1. Objective development based on data.
No feelings, emotions, speculation. The cycle allows you to measure performance immediately, as something done. In fact, the cycle instills a work-based work culture.

2. Continuous learning.
It is important to understand that each product is unique, each audience is capricious, and what works in one company may not work in another. Multiple advantage is possible when you do not copy someone else's model, but create your own, unique one.

The cycle allows you to accumulate unique knowledge within the team. Each new hypothesis contains the accumulated experience of all
tested

In hopox, the HADI cycle is used (Hypothesis - Action - Data - Insights) - this is the simplest algorithm for cyclically testing ideas - from hypothesis, through action, to data and conclusions.

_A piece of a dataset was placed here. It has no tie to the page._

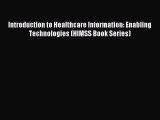 Read Introduction to Healthcare Information: Enabling Technologies (HIMSS Book Series) Ebook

The management cycle begins with the formulation of a hypothesis (Hypothesis) according to the principle “if ... then ...”. At the second stage, it is necessary to carry out a series of works to launch an experiment (Action), then collect data for a given period (Data) and finally make an unambiguous conclusion whether the hypothesis was successful, what can be improved by running the next Insights cycle.

Homework:
1. Create a project in hopox
2. Add the whole team to the project
3. Create one simple experiment in hopox, which is easy to check in one week. Just take one task that you already wanted to do this week, only now do it in the form of a hypothesis indicating the result in numbers.